**YOUR INSTRUCTIONS:** Line by line, transcribe the data below exactly and pass over the images.

**DATA BELOW:**
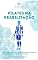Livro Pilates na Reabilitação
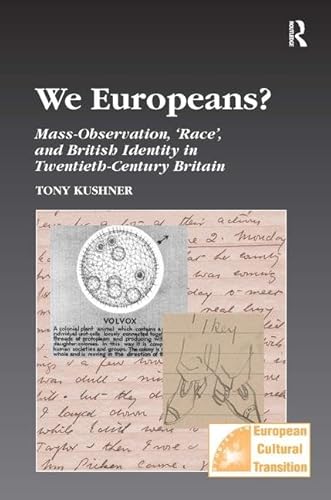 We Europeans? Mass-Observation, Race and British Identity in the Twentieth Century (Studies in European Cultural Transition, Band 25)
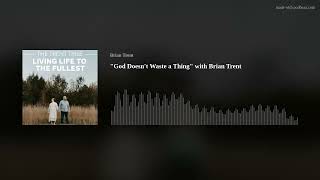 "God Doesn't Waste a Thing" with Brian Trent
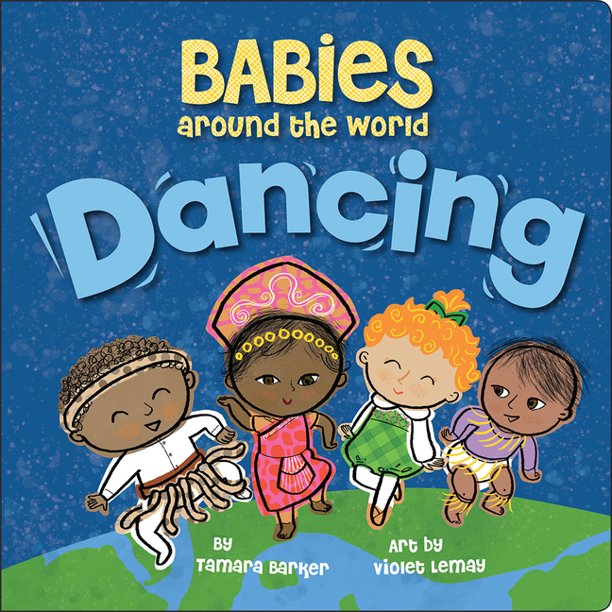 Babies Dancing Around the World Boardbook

**RESPONSE TO THE TASK:**
Livro Pilates na Reabilitação
 We Europeans? Mass-Observation, Race and British Identity in the Twentieth Century (Studies in European Cultural Transition, Band 25)
 "God Doesn't Waste a Thing" with Brian Trent
 Babies Dancing Around the World Boardbook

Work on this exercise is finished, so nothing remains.